Choose any number $\varepsilon>0$.  Then, fix a number $L>0$ such that $\int_L^\infty (x^{1/2n}-1)e^{-x}\,dx<\frac\varepsilon2$ for any $n$.  Note that this is possible since
$$\begin{align}
\left|\int_L^\infty (x^{1/2n}-1)e^{-x}\,dx\right|\le Le^{-L}
\end{align}$$
Then, with $L$ fixed write
$$\begin{align}
\left|\int_0^\infty x^{1/2n}e^{-x}\,dx-1\right|&=\int_0^\infty (x^{1/2n}-1)e^{-x}\,dx\\\\
&\le \int_0^L (x^{1/2n}-1)e^{-x}\,dx+\int_L^\infty (x^{1/2n}-1)e^{-x}\,dx
\end{align}$$
We know that for the chosen $\varepsilon>0$ there exists a number $N$ such that whenever $n>N$, $|x^{1/2n}-1|<\frac{\varepsilon}{2(1-e^{-L})}$.

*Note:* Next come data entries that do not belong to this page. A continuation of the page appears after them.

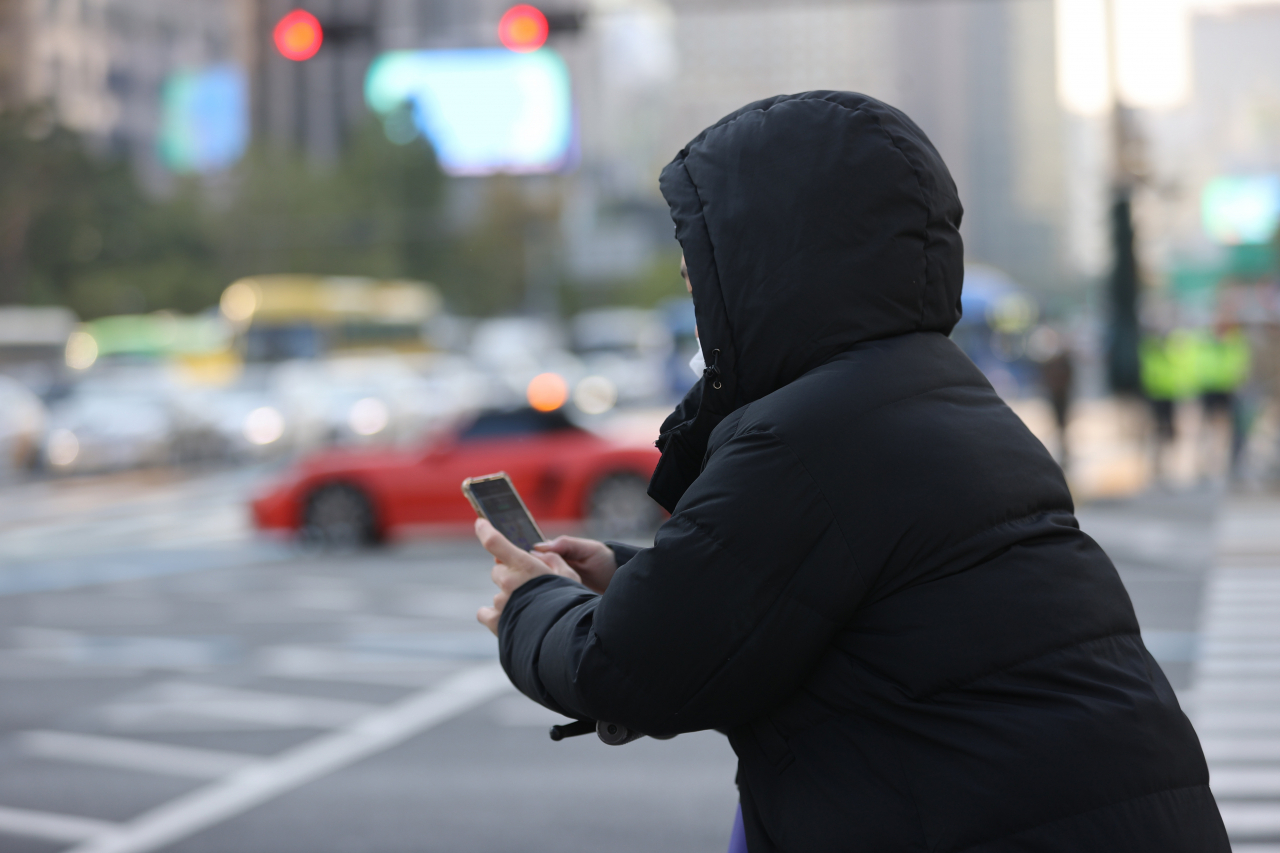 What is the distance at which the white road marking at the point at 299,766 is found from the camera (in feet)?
17.8

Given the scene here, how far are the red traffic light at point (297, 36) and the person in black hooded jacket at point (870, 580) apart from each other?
1240cm

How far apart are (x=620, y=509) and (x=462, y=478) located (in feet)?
5.46

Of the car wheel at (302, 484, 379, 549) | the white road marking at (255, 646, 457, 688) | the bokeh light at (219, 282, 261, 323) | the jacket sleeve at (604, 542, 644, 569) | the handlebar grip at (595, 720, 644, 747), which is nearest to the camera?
the handlebar grip at (595, 720, 644, 747)

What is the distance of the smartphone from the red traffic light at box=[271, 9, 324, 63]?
1189 cm

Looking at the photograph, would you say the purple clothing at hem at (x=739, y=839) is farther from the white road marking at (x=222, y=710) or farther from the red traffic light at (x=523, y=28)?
the red traffic light at (x=523, y=28)

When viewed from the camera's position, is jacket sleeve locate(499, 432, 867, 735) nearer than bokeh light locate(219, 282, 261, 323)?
Yes

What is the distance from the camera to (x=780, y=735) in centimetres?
181

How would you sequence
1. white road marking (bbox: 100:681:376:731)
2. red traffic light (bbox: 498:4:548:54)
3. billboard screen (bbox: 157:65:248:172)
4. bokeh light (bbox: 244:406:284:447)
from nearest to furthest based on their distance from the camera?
white road marking (bbox: 100:681:376:731) → red traffic light (bbox: 498:4:548:54) → bokeh light (bbox: 244:406:284:447) → billboard screen (bbox: 157:65:248:172)


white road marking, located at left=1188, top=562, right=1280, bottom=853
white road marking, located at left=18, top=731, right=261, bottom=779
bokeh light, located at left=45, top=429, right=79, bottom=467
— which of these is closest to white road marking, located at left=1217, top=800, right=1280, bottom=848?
white road marking, located at left=1188, top=562, right=1280, bottom=853

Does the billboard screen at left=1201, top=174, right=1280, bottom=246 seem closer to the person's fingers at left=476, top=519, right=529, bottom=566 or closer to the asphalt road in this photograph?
the asphalt road

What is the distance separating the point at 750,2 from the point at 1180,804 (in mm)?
12709

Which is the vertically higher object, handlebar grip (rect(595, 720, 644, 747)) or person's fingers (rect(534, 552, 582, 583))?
person's fingers (rect(534, 552, 582, 583))

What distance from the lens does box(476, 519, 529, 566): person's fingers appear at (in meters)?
2.11

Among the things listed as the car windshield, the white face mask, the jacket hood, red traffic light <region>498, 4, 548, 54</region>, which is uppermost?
red traffic light <region>498, 4, 548, 54</region>
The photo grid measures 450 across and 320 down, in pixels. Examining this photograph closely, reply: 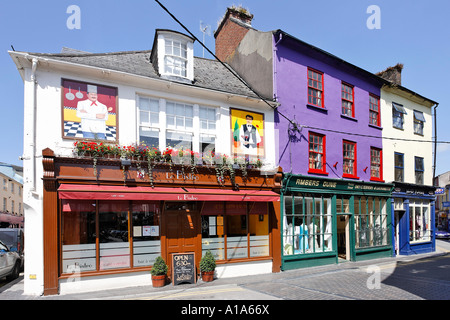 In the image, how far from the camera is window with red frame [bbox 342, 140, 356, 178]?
17.1 meters

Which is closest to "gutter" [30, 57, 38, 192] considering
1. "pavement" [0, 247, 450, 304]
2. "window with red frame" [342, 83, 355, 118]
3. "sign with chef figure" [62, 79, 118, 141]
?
"sign with chef figure" [62, 79, 118, 141]

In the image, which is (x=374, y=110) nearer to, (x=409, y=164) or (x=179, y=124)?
(x=409, y=164)

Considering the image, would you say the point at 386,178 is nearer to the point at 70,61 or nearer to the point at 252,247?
the point at 252,247

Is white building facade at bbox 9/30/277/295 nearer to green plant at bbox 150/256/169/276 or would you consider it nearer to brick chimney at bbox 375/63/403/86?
green plant at bbox 150/256/169/276

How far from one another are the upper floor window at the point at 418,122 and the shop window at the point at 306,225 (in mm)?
10207

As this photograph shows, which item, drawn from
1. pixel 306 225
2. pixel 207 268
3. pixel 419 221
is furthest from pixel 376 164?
pixel 207 268

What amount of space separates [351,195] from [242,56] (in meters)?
8.92

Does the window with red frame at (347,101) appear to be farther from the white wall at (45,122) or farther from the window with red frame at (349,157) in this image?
the white wall at (45,122)

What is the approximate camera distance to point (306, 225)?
14883mm

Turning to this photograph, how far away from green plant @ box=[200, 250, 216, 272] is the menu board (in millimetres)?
425

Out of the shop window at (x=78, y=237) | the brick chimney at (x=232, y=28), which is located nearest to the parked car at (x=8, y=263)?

Hence, we see that for any chosen $\varepsilon>0$ there exists a number $N$ such that $n>N$ implies
$$\left|\int_0^\infty x^{1/2n}e^{-x}\,dx-1\right|<\frac\varepsilon2+\frac\varepsilon2=\varepsilon$$
And we are done!
A: Consider the limit piecewise
$$\lim_{n\to\infty}x^{2n}=\begin{cases}0 & |x| < 1 \\ +\infty & |x| > 1\end{cases}$$
which by the continuity of $e^x$ gives the following limits
$$\lim_{n\to\infty}\exp(-x^{2n}) = \begin{cases}e^0 = 1 & |x| < 1 \\ e^{-\infty} = 0 & |x| > 1\end{cases}$$
so the integral converges to
$$\lim_{n\to\infty}\int_{-\infty}^\infty e^{-x^{2n}}\:dx = \int_{-1}^1 dx = 2$$
by dominated convergence.